**Information shown**.
========================================
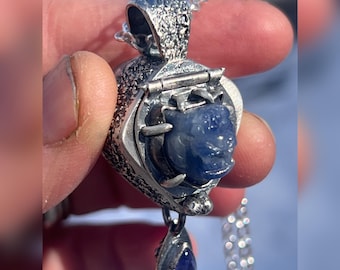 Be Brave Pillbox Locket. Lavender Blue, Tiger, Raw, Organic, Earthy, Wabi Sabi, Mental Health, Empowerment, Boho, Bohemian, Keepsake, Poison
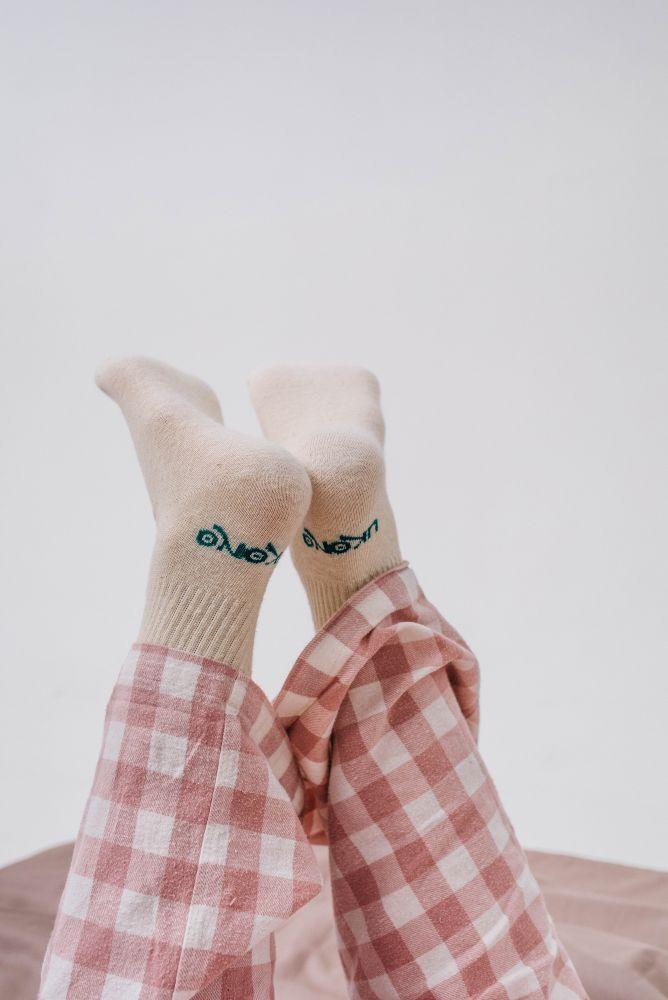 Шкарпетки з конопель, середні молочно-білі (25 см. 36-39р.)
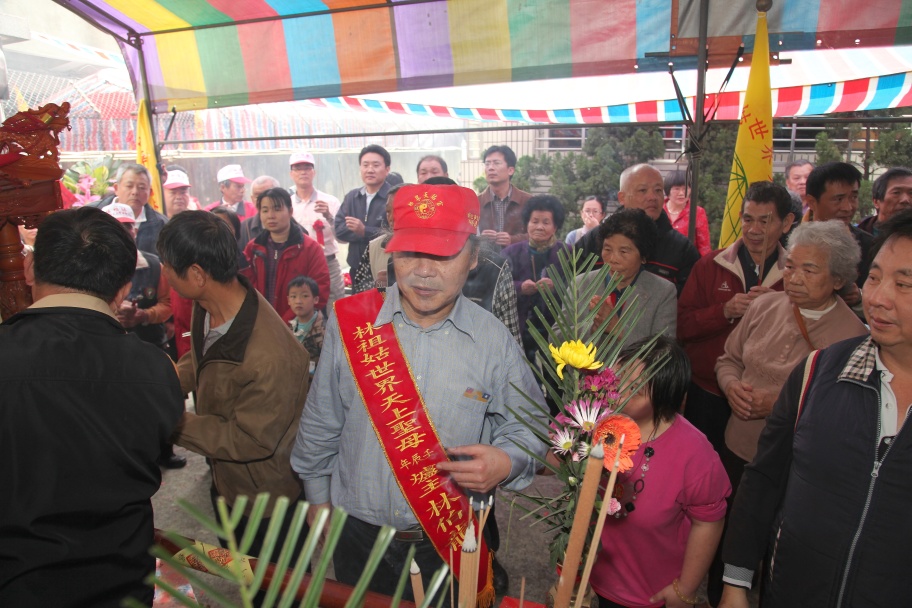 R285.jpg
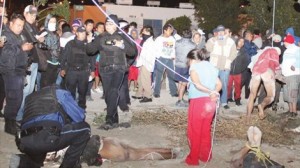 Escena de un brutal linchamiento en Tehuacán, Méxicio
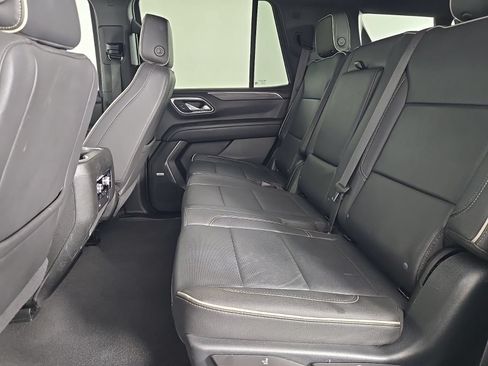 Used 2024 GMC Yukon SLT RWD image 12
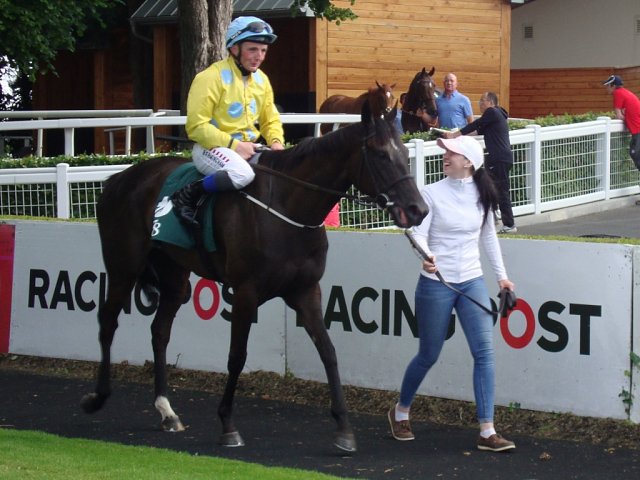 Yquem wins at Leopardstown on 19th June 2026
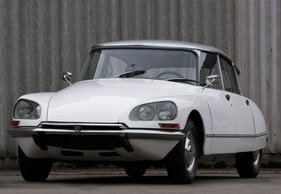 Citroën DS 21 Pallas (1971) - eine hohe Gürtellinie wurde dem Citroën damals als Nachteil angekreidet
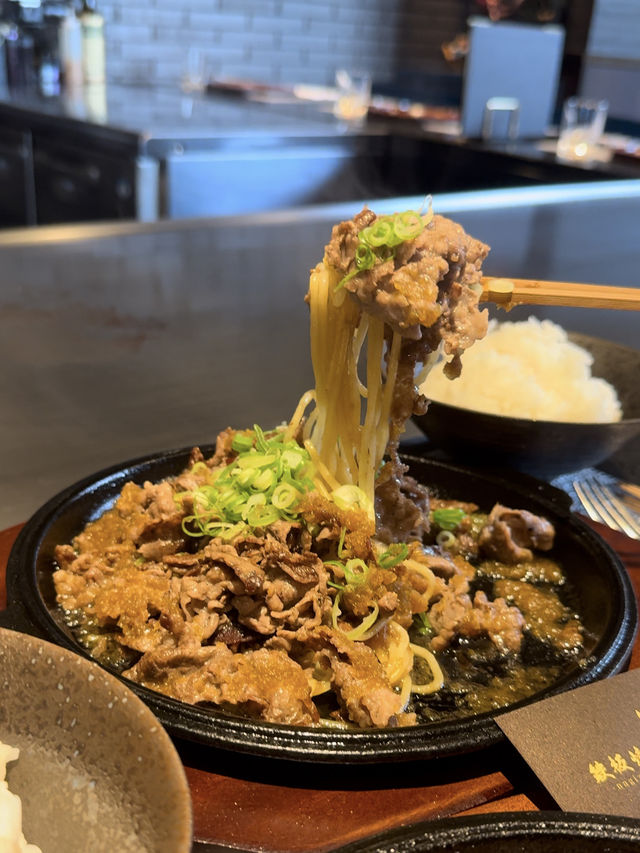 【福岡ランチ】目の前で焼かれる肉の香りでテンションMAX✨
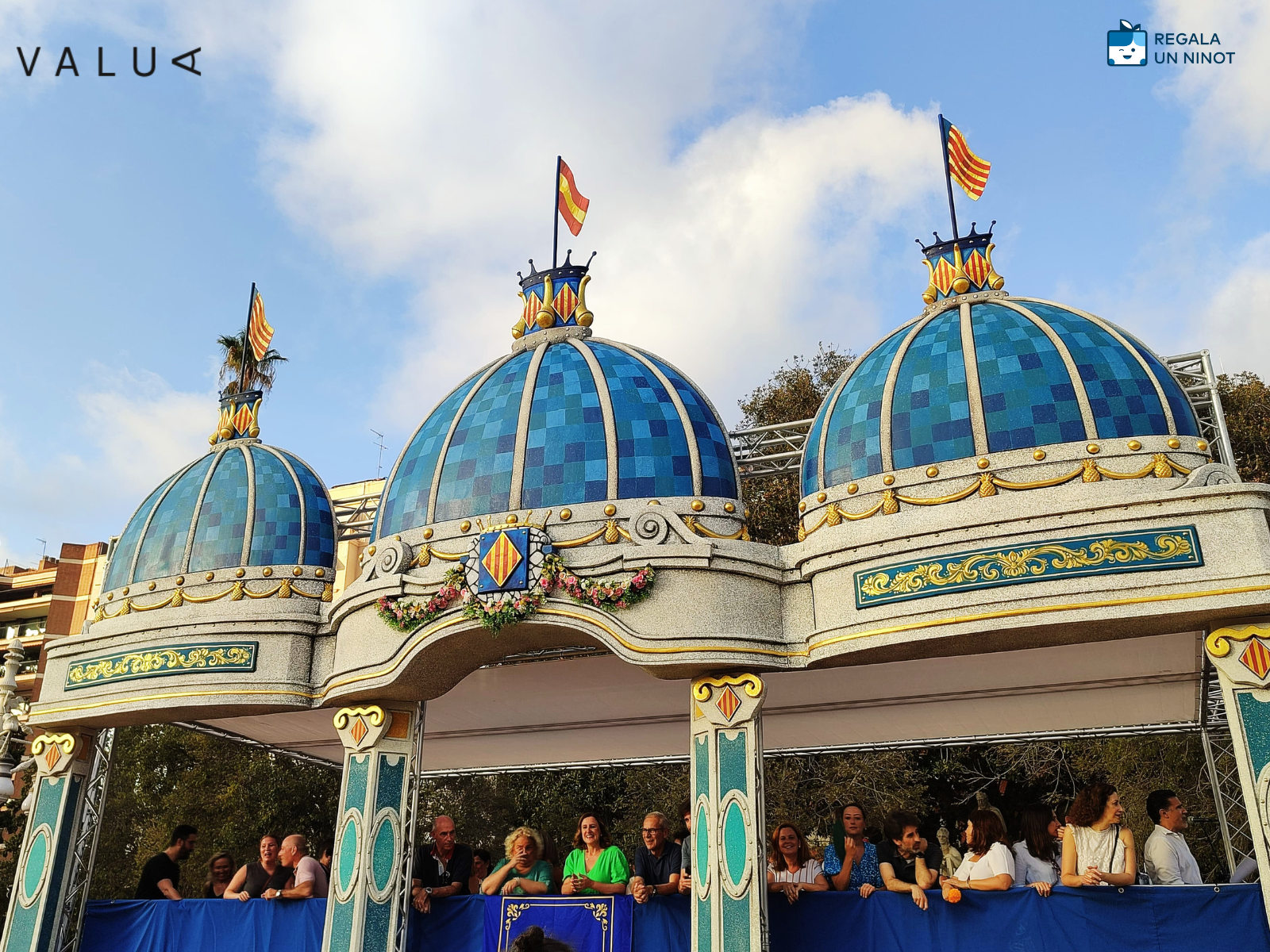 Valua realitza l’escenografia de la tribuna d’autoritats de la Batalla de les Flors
========================================
**Assigned task**. From the line containing "Escena de un" to the last line of the entries, output every line exactly as written, but leave out the pictures.

**Exercise result**.
 Escena de un brutal linchamiento en Tehuacán, Méxicio
 Used 2024 GMC Yukon SLT RWD image 12
 Yquem wins at Leopardstown on 19th June 2026
 Citroën DS 21 Pallas (1971) - eine hohe Gürtellinie wurde dem Citroën damals als Nachteil angekreidet
 【福岡ランチ】目の前で焼かれる肉の香りでテンションMAX✨
 Valua realitza l’escenografia de la tribuna d’autoritats de la Batalla de les Flors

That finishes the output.